The Relative Decline of US Defense Spending

In his recent State of the Union speech, President Obama declared the United States to be the most powerful country in the world, period.  The first piece of evidence he cited to support this claim was that the U.S. spends more on defense than the next eight countries combined (start video at minute 30).

While Obama is right that the United States is the single most powerful country in the world today, his use of this oft-cited parameter (defense spending vs. rest of the world) ignores the shrinking supremacy of U.S. military might and the growing mismatch between resources and responsibilities this creates.

To illustrate this point, I did a little google searching to find articles from the recent past that use the same metric on defense spending.  The result is a stark trend.  The combined effects of declining U.S. defense spending and rising spending from many other countries has more than halved the U.S. advantage in just half a decade.  In 2010, the United States spent more than the next 17 countries combined.

Just one year later, this advantage had narrowed to the next 13 countries combined.  By 2012, it was more than the next 10 countries.  Today, according to Obama, the U.S. spends more than the next eight countries combined.  Others tally the difference as only covering the next seven.

Regardless of whether the true difference is the next eight or seven countries, the trend is clear.  The gradual decline in real U.S. military spending is resulting in a far sharper relative decline.  This is problematic because of the growing scope and scale of the United States’s responsibilities.  Take the next biggest spender, China, as an example.  In 2014, the United States spent $610 billion on defense according to the Stockholm International Peace Research Institute (SIPRI).  By comparison, Chinese defense spending that year was barely a third of that amount, at $216 billion.
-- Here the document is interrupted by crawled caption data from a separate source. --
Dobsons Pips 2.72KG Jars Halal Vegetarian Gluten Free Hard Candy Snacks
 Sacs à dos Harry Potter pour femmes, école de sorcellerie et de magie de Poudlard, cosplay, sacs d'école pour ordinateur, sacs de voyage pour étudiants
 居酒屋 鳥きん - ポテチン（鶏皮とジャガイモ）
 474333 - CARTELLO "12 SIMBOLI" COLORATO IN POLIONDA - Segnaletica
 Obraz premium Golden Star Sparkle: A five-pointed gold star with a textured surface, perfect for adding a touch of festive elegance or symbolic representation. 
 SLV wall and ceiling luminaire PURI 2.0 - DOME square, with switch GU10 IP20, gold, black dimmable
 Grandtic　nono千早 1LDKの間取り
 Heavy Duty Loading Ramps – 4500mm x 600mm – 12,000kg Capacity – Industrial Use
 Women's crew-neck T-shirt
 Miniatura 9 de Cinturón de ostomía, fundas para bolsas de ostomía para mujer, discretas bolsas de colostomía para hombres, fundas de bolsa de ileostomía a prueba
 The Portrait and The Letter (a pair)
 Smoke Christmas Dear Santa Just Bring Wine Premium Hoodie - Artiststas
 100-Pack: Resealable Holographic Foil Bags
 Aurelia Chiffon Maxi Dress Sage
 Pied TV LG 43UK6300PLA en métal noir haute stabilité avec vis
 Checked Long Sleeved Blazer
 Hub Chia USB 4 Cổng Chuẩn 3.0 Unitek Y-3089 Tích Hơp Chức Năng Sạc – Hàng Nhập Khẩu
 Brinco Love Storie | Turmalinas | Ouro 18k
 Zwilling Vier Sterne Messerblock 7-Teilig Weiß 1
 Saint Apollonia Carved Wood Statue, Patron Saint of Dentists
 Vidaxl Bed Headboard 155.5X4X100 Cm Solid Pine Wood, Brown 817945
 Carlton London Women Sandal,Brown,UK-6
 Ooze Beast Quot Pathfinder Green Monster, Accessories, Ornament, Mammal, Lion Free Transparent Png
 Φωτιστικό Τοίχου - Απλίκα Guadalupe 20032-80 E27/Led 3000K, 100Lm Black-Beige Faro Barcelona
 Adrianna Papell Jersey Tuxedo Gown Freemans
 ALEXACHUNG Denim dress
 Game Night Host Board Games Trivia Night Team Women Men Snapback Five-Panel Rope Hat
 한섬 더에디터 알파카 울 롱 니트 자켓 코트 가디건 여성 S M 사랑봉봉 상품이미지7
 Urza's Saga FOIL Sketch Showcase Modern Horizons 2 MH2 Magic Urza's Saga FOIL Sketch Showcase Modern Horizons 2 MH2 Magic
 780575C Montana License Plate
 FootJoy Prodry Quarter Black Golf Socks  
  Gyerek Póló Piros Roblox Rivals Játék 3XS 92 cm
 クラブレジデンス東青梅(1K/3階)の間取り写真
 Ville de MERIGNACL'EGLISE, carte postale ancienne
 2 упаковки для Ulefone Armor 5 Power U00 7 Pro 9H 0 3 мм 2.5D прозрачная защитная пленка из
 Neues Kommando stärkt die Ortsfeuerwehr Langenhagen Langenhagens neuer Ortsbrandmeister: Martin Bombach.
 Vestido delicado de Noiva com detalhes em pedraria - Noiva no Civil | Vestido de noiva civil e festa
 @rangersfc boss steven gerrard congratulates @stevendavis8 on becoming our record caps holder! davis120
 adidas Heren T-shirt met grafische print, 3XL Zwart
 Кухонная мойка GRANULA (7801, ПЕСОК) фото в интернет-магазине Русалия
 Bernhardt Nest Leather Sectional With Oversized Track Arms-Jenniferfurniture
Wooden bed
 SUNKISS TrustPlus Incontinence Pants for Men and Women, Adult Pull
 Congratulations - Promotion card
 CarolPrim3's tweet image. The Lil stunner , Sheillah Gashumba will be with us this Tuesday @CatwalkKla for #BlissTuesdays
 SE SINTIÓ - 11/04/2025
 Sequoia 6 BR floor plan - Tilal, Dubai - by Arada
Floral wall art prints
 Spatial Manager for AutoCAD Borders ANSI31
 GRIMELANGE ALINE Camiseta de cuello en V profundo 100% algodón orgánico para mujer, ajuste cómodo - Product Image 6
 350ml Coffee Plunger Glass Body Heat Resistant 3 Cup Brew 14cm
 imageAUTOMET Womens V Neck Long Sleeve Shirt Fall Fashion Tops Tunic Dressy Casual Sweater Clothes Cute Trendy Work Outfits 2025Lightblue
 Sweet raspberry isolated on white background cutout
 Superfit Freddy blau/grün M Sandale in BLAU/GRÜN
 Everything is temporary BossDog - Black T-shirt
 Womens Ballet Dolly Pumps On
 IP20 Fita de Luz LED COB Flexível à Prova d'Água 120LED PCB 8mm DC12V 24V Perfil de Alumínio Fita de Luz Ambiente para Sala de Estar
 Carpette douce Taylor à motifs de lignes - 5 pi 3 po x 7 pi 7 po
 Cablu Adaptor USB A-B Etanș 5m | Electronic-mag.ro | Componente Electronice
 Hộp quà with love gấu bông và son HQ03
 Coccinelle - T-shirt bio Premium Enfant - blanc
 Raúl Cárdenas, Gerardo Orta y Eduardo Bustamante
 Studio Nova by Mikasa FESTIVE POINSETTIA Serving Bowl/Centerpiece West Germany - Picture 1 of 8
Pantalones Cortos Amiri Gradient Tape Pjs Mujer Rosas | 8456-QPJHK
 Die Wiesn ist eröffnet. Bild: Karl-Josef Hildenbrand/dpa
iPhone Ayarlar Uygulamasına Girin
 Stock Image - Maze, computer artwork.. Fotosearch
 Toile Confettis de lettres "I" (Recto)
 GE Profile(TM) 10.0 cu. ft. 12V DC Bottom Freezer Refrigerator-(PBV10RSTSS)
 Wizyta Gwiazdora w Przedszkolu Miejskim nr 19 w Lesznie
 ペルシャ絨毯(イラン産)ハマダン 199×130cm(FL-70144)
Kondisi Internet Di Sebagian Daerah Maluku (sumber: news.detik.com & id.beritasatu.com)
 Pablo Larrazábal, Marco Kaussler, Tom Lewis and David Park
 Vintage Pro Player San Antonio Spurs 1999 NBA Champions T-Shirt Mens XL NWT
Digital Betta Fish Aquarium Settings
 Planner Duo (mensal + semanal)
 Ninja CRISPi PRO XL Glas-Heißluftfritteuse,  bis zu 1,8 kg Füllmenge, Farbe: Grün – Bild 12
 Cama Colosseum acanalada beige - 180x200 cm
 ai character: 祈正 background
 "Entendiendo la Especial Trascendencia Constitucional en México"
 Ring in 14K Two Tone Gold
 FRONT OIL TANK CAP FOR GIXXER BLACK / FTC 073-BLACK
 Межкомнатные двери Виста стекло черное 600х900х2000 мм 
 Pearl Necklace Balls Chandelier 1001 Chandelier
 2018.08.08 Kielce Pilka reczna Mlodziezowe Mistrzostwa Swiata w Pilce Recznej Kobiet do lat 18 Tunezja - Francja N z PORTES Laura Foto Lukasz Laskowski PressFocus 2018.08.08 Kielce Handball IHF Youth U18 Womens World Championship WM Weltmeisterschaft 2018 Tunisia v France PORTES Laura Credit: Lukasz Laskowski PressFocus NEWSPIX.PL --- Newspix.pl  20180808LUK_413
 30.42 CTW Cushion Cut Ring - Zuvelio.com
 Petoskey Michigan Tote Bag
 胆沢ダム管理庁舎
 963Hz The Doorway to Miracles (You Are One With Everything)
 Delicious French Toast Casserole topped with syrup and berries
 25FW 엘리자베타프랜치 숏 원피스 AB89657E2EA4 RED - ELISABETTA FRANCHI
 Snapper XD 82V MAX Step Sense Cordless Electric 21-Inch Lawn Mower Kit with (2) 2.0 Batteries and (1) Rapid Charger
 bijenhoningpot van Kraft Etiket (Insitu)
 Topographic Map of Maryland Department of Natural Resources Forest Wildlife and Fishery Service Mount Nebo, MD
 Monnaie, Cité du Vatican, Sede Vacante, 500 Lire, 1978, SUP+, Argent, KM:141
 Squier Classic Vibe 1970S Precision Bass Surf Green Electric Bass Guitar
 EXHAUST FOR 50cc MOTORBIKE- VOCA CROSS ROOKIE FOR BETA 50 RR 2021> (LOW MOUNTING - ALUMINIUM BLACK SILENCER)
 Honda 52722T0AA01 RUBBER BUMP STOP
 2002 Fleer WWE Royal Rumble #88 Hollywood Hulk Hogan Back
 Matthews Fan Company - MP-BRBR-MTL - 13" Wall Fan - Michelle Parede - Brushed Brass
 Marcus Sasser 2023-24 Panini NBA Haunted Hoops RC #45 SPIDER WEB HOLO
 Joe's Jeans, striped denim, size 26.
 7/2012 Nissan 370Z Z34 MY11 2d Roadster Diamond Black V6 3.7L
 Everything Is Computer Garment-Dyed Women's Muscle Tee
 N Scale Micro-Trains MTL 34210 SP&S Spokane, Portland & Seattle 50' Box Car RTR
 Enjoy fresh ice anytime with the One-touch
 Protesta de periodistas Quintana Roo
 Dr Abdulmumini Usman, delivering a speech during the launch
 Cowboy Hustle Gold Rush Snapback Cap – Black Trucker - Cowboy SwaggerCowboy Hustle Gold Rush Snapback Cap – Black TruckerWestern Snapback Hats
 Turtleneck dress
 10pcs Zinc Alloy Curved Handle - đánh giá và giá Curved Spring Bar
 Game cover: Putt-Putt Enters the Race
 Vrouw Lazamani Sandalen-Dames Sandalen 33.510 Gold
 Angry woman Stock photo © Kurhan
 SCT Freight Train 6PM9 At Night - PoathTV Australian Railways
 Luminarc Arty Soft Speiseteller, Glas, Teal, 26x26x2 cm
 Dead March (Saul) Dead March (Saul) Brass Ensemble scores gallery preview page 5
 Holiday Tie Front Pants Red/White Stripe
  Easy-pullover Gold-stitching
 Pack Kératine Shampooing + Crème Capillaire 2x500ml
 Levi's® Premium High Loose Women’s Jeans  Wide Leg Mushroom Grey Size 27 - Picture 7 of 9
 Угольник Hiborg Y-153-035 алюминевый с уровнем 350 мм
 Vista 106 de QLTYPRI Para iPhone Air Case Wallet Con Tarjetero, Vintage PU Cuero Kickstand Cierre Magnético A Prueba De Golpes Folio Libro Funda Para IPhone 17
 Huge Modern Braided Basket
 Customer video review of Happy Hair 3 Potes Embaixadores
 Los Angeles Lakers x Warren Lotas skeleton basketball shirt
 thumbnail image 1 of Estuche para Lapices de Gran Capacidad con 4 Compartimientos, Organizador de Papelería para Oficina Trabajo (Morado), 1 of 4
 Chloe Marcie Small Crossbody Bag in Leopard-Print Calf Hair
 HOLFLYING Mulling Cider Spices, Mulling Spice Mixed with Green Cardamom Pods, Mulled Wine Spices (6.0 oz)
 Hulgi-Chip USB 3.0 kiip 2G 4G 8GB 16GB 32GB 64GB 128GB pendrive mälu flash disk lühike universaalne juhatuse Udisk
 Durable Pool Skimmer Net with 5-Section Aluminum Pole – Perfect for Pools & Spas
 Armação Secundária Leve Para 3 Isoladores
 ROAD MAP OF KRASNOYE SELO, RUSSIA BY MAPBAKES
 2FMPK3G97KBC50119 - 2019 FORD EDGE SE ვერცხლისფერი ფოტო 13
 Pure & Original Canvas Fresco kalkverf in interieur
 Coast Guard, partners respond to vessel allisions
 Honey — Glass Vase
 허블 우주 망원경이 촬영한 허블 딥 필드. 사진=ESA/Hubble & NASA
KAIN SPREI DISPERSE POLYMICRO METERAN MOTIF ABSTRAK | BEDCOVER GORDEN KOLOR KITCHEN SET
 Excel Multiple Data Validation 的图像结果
This difference may point to a commanding primacy for U.S. military forces in any potential conflict with their Chinese peers. Yet this image is partly an illusion.  In addition to managing China’s rise, the United States must use its budget to meet other responsibilities, including fighting terrorism in the Middle East, deterring Russia in Europe, and promoting stability in Africa and Latin America.  China, on the other hand, due to its lack of global responsibilities, can concentrate nearly all of its spending on enhancing its position in Asia.  This means that when it comes to assessing U.S.-Chinese competition in Asia, the balance of power is less lopsided than the difference in overall defense spending would suggest; the United States’ global responsibilities dilute the impact of its higher spending.

However, it’s not just the quantitative difference in commitments that matters but the qualitative difference as well.  Rising defense spending in Moscow and Beijing, coupled with increasing chaos in the Middle East, means that not only does the U.S. face more responsibilities than other powers but that the difficulty of managing these responsibilities is increasing too.

Overall then, it’s not enough to simply compare defense budgets.  One must compare defense responsibilities as well in order to achieve a true understanding of the balance of power. While Obama is right in his assertion that the United States remains the most powerful country on earth, the relative decline in U.S. defense spending reveals how increasingly perilous this position has become.  Increasingly challenging global commitments coupled with a relative decline in resources to meet them is leading to a mismatch between means and ends that should alarm U.S. policymakers.  If this trend continues, it will be difficult for the United States to credibly maintain its global commitments – a development that could spell disaster for the country’s interests.